NEW YORK (AP) – It was late in the fourth quarter. The New York Knicks were losing badly. The Madison Square Garden crowd was cheering for the Nuggets’ Carmelo Anthony.

So by the time Denver’s J.R. Smith went in on another fast break Saturday, the Knicks had had enough.

Mardy Collins figured he’d put a stop to the fun with a hard foul. Instead, it was the start of a wild brawl – the last thing the NBA needed two years after its last melee, and the last thing the Knicks need in a season already spiraling downward.

The fight went from one end of the court to the other. Carmelo Anthony dropped Collins with a punch, Smith and Nate Robinson went flying into the stands while fighting, and six other players were ejected.

Anthony, the NBA’s leading scorer, could be looking at a suspension of more than five games. The NBA was reviewing the incident and interviewing people involved Sunday. It could announce penalties Monday, since both teams play that night.

What caused the meltdown? It seems to come down to this: The Knicks felt dissed.

“The score period, and the guys that they had in,” Robinson said after the game. The Knicks (9-17) didn’t practice Sunday and weren’t commenting further.

Anthony, Camby, Smith and fellow starter Andre Miller were all still on the floor with Denver leading by 19 points with 1:15 to play when Collins prevented Smith from another easy basket by grabbing him by the neck and taking him to the floor.

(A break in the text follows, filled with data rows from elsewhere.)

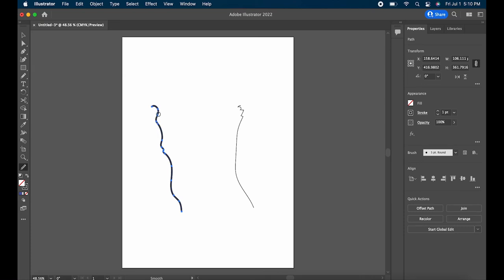Draw over the part that you want to smooth out and the tool will adjust the anchor points to make it smoother without changing the entire shape.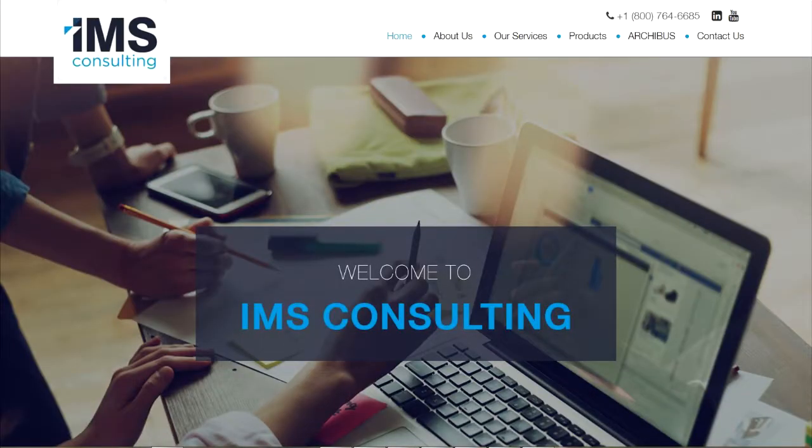These are just a few of the solutions that IMS Consulting offers you through the implementation of Archibus.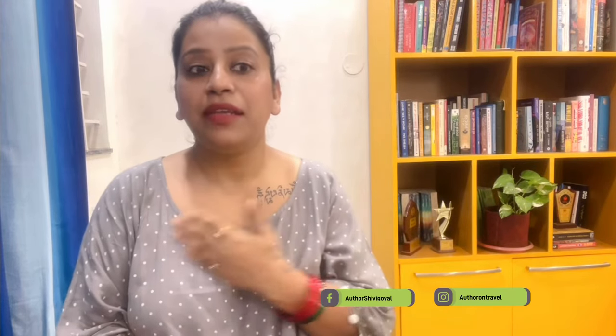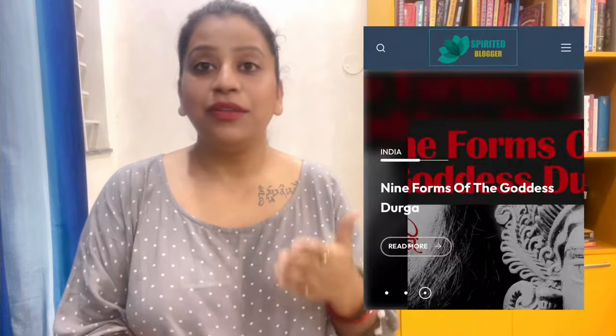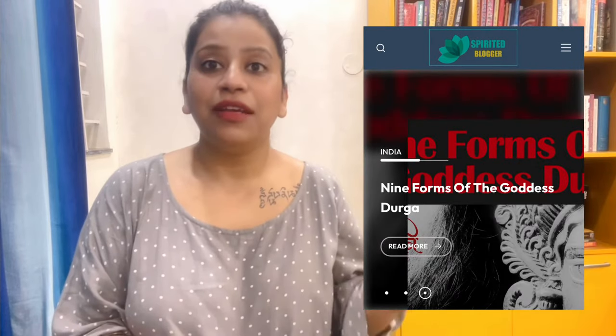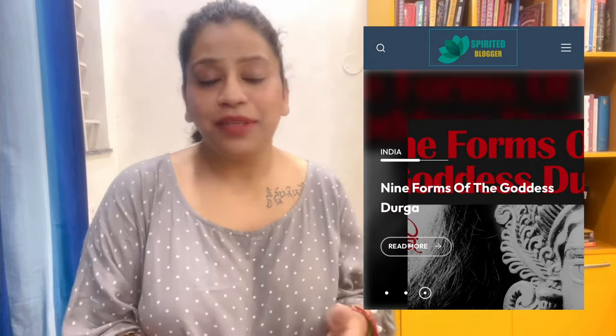Namaste everyone, this is Shivi Goel, the author on travel. I am back with another video on Navratri — an auspicious festival of nine days. If you haven't checked my earlier video on the importance of nine days and the Durga Ma forms worshipped on each day, please check it out.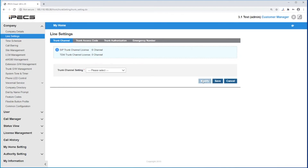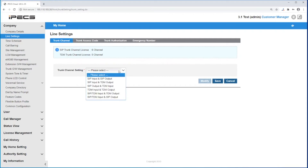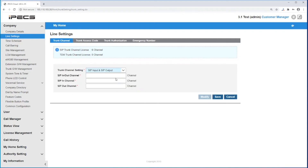To set the SIP trunk channels, click on Trunk Channel Setting, then use the dropdown to select SIP Input and SIP Output.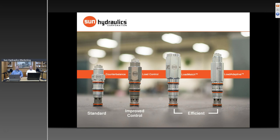Q&A: On volume between the actuator and counterbalance valve — you want it as small as possible. Smaller volume reduces the risk of a breach that would eliminate the counterbalance valve's ability to maintain the actuator, and lower capacitance of the system generally improves stability. The counterbalance valve should be as close to the actuator as possible. On when to contact a distributor versus Sun directly: the distributor should be your first line of contact — they are your source for purchasing and have knowledge of your specific application and system.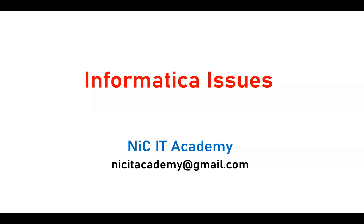Hi everyone, welcome to Nikita Academy. In Informatica, we may face many issues in our day-to-day activities, possibly due to the infrastructure or code which we have developed. In this series, I will show you all the possible issues and help you understand them to resolve them quickly.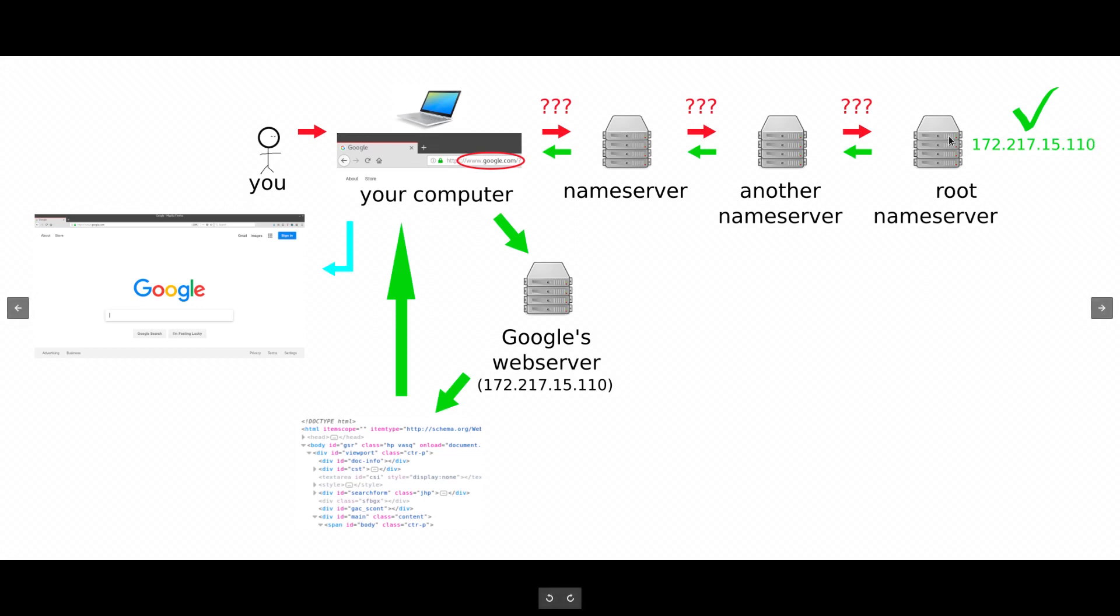That gets forwarded back and back and back and back until it finally gets to your computer. Then, your computer knows that google.com lives at this address, and so it goes to that address, and Google's web server lives there. So, Google's web server has all of the code for their website.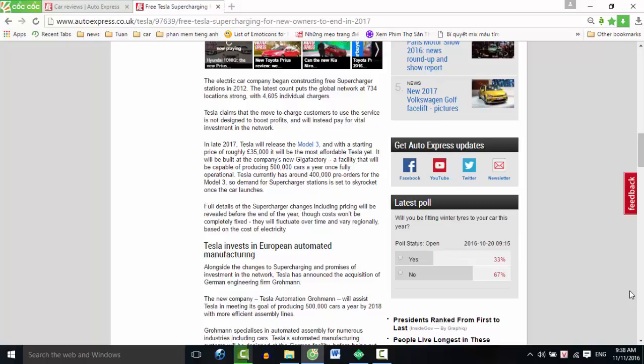Tesla claims that the move to charge customers to use the service is not designed to boost profits and will instead pay for vital investment in the network. In late 2017, Tesla will release the Model 3, and with a starting price of roughly 35,000 pounds, it will be the most affordable Tesla yet. It will be built at the company's new Gigafactory, a facility that will be capable of producing 500,000 cars a year once fully operational.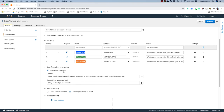Down here we have the confirmation prompt. It will say something like 'Your flower type will be ready for pickup at this time on this date — does this sound okay?' The user will say yes or no to confirm or cancel the order. If they say no, the bot returns a cancel response.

Smith rose and immediately started jawing with Collins, and Robinson jumped in to pull Smith away. Anthony shoved Robinson away, and Robinson and Smith then tumbled into the front row while fighting.

Just as things appeared to be calming down, Anthony threw a hard punch that floored Collins, and New York’s Jared Jeffries sprinted from the baseline toward halfcourt in an effort to get at Anthony, but was tackled by a Denver player.

By the time security had finally contained Smith, they were nearly at the opposite end of the court from where the altercation started, making it the NBA’s scariest scene since the brawl at Auburn Hills, Mich., between Pacers players and Pistons fans two years ago.

“Without being there, I can tell you the power of emotions can be an underrated thing in our game,” Pacers coach Rick Carlisle said. “Something like this should not happen, and when it does, it’s disappointing. But unless you’re there and a part of it and know all the dynamics of it, it’s really hard to comment on it.”

Knicks coach Isiah Thomas, who took over for Larry Brown after one season, said he even told Anthony that he and Camby shouldn’t have been in the game at that point. A source in the league, who spoke on condition of anonymity because of the ongoing investigation into the brawl, said that Thomas also advised Anthony not to go near the basket shortly before the hard foul occurred.

Nuggets coach George Karl had just dispatched three players to the scorer’s table to check in while the Knicks brought the ball up the floor. But before play stopped so they could check in, New York turned it over, starting Smith’s fast break.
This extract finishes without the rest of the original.